El sacerdote, que la miró como si fuera una marciana, le dijo:
- ¿Puedo hacerte una pregunta?: ¿Por qué quieres convertirte al catolicismo?
Jennifer dio alguna pincelada sobre sus desavenencias con la línea que estaba siguiendo el luteranismo en América y su convicción de que la Iglesia Católica es más completa. Su respuesta fue:
- ¡Oh!
Y poco después:
- Bueno, en ese caso, usted debería ir a la parroquia de Santo Rosario…

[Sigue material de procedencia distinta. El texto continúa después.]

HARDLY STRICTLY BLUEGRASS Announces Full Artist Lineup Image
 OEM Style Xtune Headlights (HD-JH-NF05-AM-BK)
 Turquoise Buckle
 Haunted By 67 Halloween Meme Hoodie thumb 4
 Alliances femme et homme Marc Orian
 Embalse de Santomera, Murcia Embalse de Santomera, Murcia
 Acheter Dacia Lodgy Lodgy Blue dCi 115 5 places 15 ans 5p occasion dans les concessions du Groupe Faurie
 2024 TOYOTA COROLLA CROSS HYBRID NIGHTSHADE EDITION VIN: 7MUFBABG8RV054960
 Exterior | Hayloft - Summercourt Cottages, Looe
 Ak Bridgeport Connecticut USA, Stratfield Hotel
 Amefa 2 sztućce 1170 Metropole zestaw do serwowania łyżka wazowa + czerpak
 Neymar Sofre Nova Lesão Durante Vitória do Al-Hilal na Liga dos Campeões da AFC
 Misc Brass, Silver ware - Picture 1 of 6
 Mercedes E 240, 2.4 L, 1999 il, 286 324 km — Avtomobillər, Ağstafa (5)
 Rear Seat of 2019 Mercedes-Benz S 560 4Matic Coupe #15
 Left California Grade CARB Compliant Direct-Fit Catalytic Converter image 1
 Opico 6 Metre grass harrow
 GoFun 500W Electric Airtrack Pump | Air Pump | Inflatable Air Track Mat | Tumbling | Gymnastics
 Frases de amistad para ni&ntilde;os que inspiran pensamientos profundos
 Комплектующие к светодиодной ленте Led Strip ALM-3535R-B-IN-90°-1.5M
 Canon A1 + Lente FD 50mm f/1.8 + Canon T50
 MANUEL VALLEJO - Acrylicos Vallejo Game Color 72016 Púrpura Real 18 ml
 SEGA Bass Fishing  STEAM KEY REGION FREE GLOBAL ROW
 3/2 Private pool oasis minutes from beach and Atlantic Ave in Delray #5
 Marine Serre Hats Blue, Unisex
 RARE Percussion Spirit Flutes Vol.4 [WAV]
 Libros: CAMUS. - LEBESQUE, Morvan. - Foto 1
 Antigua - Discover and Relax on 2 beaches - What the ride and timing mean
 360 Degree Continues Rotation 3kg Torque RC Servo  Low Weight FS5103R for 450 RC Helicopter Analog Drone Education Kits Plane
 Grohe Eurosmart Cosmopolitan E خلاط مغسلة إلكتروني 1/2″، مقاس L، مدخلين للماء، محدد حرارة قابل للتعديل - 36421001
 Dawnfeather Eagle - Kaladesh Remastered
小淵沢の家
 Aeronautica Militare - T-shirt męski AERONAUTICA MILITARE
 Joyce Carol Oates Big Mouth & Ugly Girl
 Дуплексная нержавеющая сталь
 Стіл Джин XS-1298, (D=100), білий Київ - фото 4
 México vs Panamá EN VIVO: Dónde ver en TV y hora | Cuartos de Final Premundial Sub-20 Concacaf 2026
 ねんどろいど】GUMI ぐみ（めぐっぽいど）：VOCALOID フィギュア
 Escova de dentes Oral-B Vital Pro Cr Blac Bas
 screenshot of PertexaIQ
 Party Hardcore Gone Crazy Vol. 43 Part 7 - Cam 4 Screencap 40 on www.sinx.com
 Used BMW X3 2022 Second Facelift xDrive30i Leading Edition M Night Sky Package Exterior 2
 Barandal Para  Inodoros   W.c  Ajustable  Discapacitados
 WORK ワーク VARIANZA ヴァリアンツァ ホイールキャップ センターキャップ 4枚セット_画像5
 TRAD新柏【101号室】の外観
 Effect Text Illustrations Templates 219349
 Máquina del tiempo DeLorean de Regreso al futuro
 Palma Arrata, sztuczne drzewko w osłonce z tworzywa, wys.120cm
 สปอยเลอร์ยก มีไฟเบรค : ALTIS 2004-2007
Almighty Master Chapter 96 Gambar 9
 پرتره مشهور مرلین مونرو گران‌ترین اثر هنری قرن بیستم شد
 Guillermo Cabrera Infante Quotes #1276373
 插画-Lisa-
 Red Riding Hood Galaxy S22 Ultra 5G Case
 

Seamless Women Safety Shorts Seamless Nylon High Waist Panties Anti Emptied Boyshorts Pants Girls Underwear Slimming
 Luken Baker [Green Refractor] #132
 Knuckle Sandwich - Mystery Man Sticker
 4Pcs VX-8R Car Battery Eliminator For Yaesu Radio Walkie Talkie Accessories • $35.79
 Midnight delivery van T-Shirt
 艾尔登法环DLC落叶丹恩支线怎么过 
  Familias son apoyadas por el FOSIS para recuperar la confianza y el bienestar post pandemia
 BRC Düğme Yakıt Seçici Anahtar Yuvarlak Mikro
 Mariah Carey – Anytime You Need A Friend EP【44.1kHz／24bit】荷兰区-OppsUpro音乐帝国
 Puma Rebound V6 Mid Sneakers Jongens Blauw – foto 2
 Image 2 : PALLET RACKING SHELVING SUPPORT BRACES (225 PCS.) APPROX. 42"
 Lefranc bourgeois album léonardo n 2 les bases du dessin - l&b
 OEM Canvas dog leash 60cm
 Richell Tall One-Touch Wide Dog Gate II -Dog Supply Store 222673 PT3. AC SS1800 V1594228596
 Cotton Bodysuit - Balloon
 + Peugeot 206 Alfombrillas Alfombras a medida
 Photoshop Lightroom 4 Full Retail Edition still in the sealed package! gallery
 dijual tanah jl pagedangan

Por fin llegó a la parroquia del Santo Rosario. En ella encontró un organista y un coro de primera categoría. Con San Agustín pudo decir: "¡Cuánto lloré al oír vuestros himnos y cánticos, fuertemente conmovido por las voces de vuestra Iglesia que suavemente cantaba! Entraban aquellas voces en mis oídos, y vuestra verdad se derretía en mi corazón, y con esto se inflamaba el afecto de piedad, y corrían las lágrimas, y me iba bien con ellas” (San Agustín, conf. IX 6,14).
Pero más importante aún: “Los feligreses tienen una actitud de profunda piedad y respeto por la liturgia que se está viviendo en cada momento. El sacerdote colabora con ese respeto”.
En esta iglesia también se promueve el rezo de la liturgia de las horas, del rosario, la adoración nocturna...: “Siento que he entrado en un mundo con el misterio de Cristo en la Eucaristía en el centro. Aquí la Verdad se puede palpar”.
Una confesión: “Quizá aquí no se vive el espíritu de familia de una típica iglesia protestante, pero yo soy parte de algo mucho más grande y más importante: soy parte de una comunidad que remonta su historia a los Apóstoles y de su testimonio de Cristo resucitado”.
Jennifer, después de vivir intensamente la fe en su familia, incluso de ser ordenada pastor luterana, en la festividad de Corpus Christi de 1998, fue recibida en plena comunión con la Iglesia Católica.
Más tarde, en 2004, publicaría junto con otra ex-pastora luterana, Patricia Sodano Ireland, un libro de testimonios de mujeres que encontraron su plenitud en la Iglesia Católica para indicar que la ordenación de mujeres-sacerdotisas no tiene sentido (el libro se titulaba "The Catholique Mystique: 14 women find fulfillment in the Catholic Church").